Romney projected to win Arizona: US media
White House hopeful Mitt Romney has won Tuesday's Republican Party primary in Arizona as expected, according to projections by US media.
A victory in the southwestern US state boosts Romney's frontrunner position in the race to determine which Republican will face President Barack Obama in November.
A far more contentious battle was playing out Tuesday in the Midwestern state of Michigan, where the vote minutes after polls closed was too close to call.
Arizonans cast their final ballots by 7 pm (0200 GMT Wednesday) and while votes were still being counted and the Republican Party had yet to put out any official results, early exit polls put the state in Romney's win column.
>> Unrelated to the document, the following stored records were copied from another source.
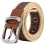 Men's Outdoor Casual Canvas Pin Buckle Belt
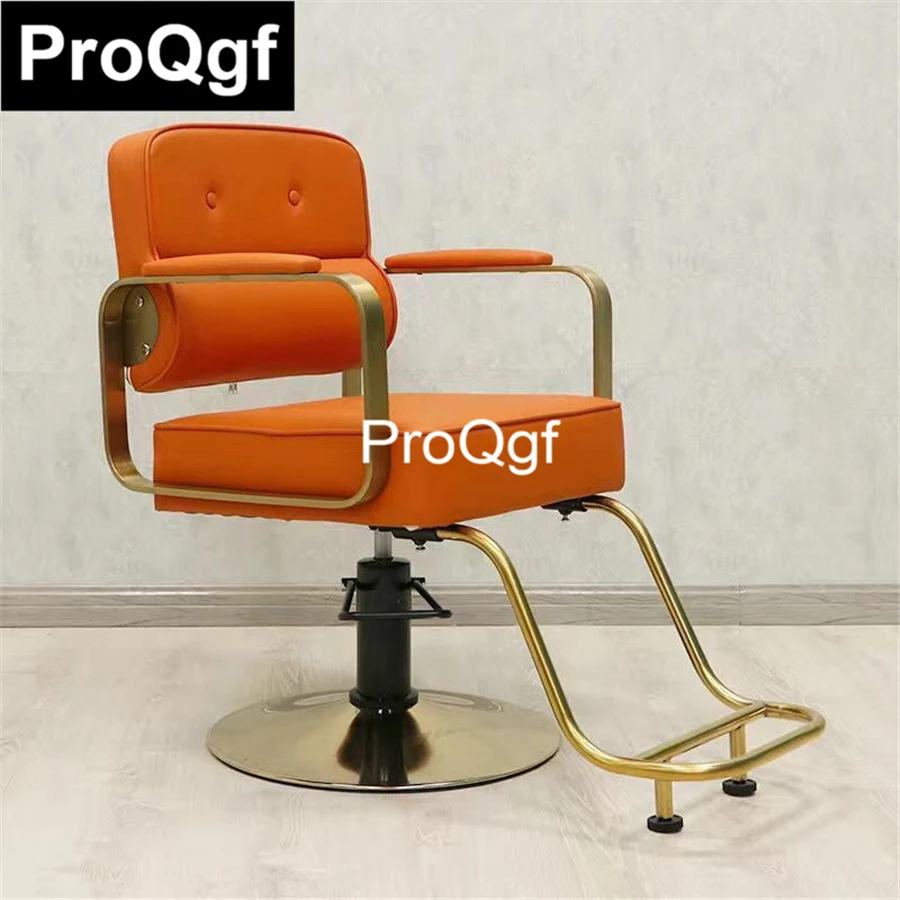 QGF 1 шт. в комплекте элегантный барбершоп кресло для салона | Мебель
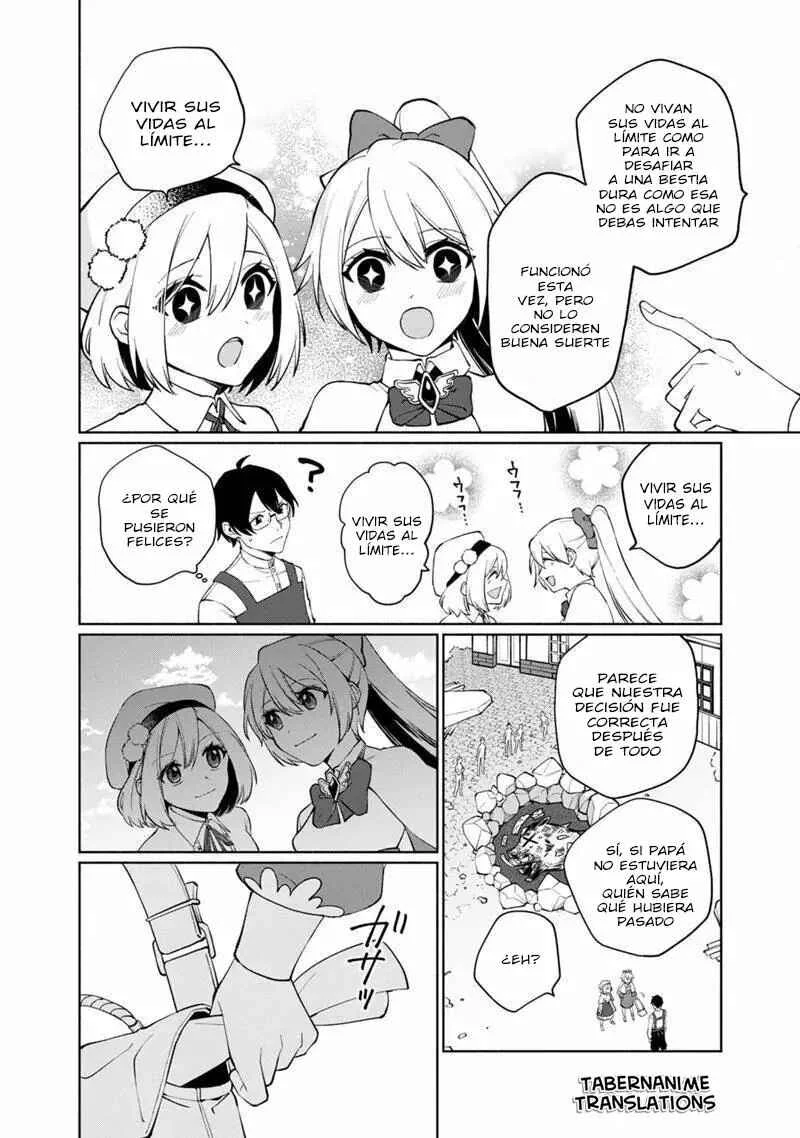 Boku no Kawaii Musume wa Futago no Kenja: Tokugi ga Debuff no Teihen Kuro Madoushi, Sodateta Futago no Musume ga S-Rank no Dai Kenja ni Natteshimau Capítulo 1 - Page 45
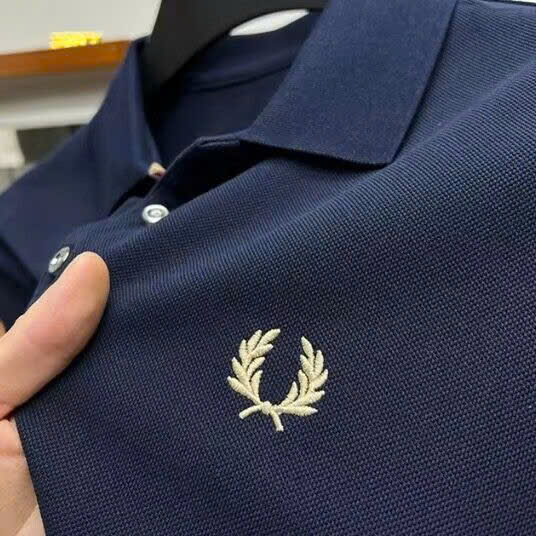 ÁO CỔ TRỤ POLO CHẤT VẢI CÁ SÁU COTTON - Ảnh 5
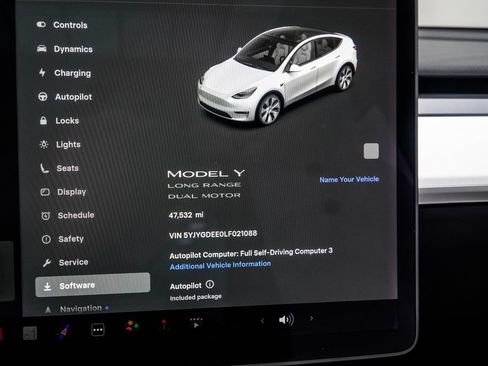 Used 2020 Tesla Model Y Long Range AWD/4WD image 24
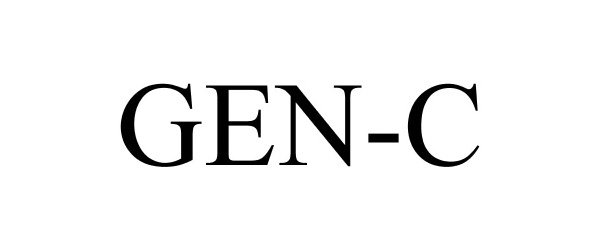 Trademark Logo GEN-C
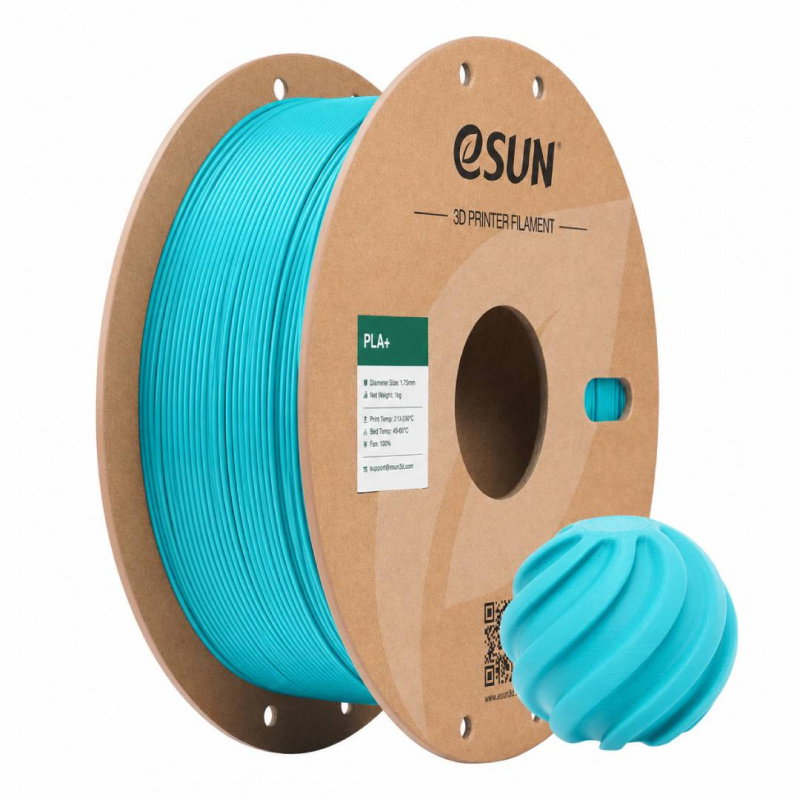 eSUN PLA+ Filament 1,75 mm 1 kg – Aqua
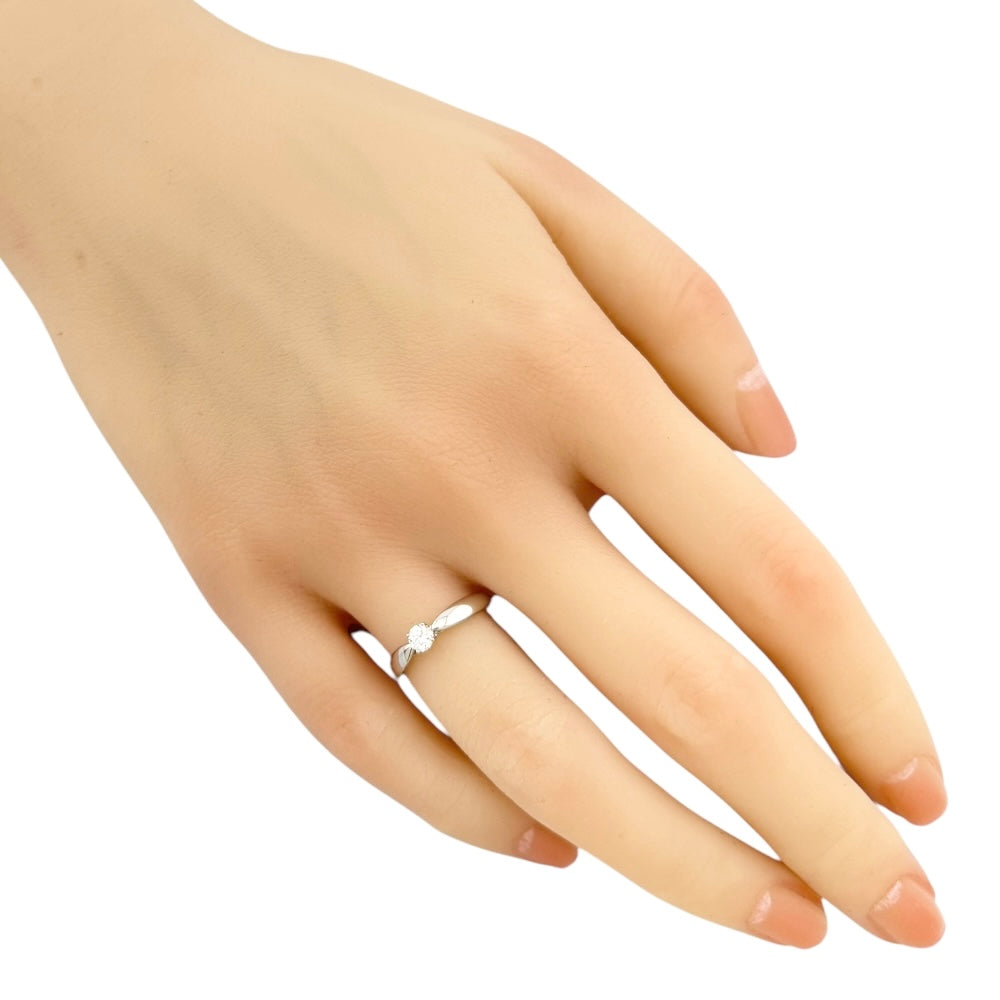 TIFFANY&Co. ティファニー ハーモニー リング 指輪 7.5号 Pt950 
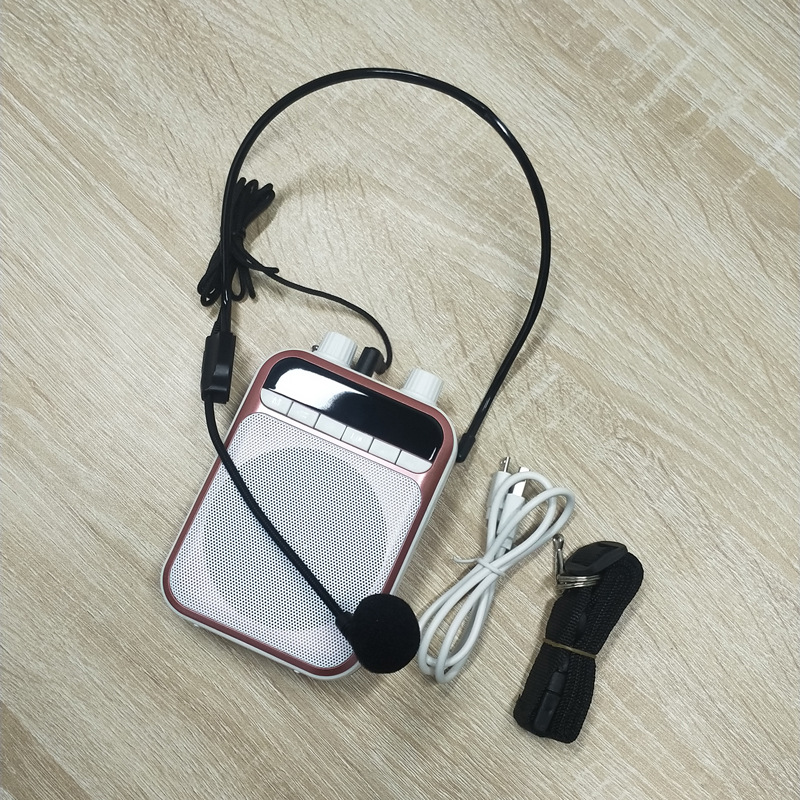 Bee microphone universal wired headset UHF wireless headset microphone teaching guide microphone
CNN exit polls projected 44 per cent of the Arizona vote for Romney and 27 per cent for his main rival Rick Santorum, a religious conservative who has been surging nationally in recent weeks.
The other two in the race, former House speaker Newt Gingrich and Representative Ron Paul of Texas, are trailing.
Results from CBS News exit polls in the state, which borders Mexico, showed 48 per cent of voters cited the US economy as the most important issue to them, compared with 32 per cent for the federal budget and just 12 per cent citing illegal immigration.
The exit polls also showed that 38 per cent of voters said electability was the top reason for their decision.
Romney, a multi-millionaire investor and former governor of liberal Massachusetts, has struggled to prove his conservative credentials, but has consistently polled as the most viable Republican candidate in terms of beating Obama in the November general election.